Después de toda una vida investigando y sobre todo especulando, Castro concluyó metafóricamente que su idea sobre la realidad histórica española se parecía mucho a un bollo irregular, hinchado por la levadura, apetitoso, sin duda, si estaba elaborado con harina de calidad y frito con un excelente aceite, es decir, con buenas fuentes y manipulado por manos expertas. Algunos constructos intelectuales de la Historia corren el riesgo de ser propuestas más o menos materiales, más o menos tangibles, pero llenas de demasiado aire. La gran ventaja es que pueden ser engullidas y digeridas rápidamente. Pero el mayor riesgo es que ese aire metafísico se termine convirtiendo en un dogma, inamovible y, llegado el caso, en una identidad unívoca destructora de la convivencia y la pluralidad.
El fracaso del procés y la reciente sentencia adversa a la inmersión lingüística han puesto de manifiesto que el relato histórico con el que el nacionalismo catalán lleva sosteniendo sus discursos, desde hace más de un siglo, tiene la misma textura y entidad que un buñuelo. Nadie puede negar que el trabajo historiográfico realizado durante décadas desde el catalanismo, en la clandestinidad o desde el mismísimo corazón del poder, ha sido una tarea ardua y compleja, en ocasiones milimétrica y geométricamente admirable. Pero, al final tanto abuso del pasado y tanta manipulación han puesto en evidencia más la cantidad del aire insuflado que la calidad de la masa que lo envuelve. El resultado recuerda aquel conocido episodio quijotesco en el que un loco hinchaba perros metiéndoles aire por el culo con un canuto y, ante las risas de los presentes, recordaba: “Pensarán vuestras mercedes que es poco trabajo hinchar un perro”.
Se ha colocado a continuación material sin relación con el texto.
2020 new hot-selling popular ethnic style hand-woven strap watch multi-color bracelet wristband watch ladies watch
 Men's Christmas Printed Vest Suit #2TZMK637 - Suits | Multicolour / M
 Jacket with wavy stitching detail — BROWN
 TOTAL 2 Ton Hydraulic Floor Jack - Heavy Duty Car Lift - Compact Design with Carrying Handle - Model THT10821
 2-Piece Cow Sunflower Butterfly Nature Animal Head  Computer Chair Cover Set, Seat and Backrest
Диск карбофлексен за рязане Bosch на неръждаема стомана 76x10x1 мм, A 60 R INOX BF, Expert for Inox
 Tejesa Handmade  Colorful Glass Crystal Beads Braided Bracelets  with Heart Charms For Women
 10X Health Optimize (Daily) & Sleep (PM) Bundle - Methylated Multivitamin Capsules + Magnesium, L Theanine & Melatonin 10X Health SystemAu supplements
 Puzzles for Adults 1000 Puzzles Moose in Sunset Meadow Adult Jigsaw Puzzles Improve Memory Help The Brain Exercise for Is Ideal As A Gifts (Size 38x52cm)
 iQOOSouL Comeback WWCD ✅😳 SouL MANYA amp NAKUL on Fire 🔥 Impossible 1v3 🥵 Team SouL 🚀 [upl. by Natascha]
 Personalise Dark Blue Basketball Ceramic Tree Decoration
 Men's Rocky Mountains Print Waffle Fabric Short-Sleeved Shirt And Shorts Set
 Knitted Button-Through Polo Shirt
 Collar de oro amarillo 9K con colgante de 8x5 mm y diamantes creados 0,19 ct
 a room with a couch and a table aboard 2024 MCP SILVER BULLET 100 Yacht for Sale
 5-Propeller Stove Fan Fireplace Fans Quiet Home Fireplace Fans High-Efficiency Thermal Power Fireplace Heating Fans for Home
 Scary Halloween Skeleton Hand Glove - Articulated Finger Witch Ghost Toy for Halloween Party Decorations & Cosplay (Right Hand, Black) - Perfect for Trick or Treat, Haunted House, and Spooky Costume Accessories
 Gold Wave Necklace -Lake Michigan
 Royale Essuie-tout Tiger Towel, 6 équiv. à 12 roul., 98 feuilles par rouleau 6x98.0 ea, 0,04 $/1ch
Con tanto aire el relato independentista ha generado tanta aerofagia a la sociedad catalana que camina incómoda para moverse con libertad. Las flatulencias, causadas por tanta ingestión nacionalista, han derivado en severas molestias intestinales de certera resolución. Cualquier hijo de vecino sabe bien cuál es el modo más seguro para aliviar dichos problemas. La primera y más sonora ventosidad fue emitida unilateralmente por Puigdemont el 27 de octubre de 2017, y desde entonces el mérito de algunos dirigentes posprocesistas --con Aragonès a la cabeza-- ha sido precisamente el lanzamiento controlado y sin apenas ruido, acaso toses, de numerosos y continuos gases.
No estaría de más, ni sería ningún demérito, que las inteligencias nacionalistas asumieran de una vez por todas que la nación catalana, como la española y tantas otras, es un buñuelo singular, tan imperfecto como exquisito. Las naciones como los buñuelos sólo son indigestas cuando se abusa de su consumo, el empacho es lo que tiene.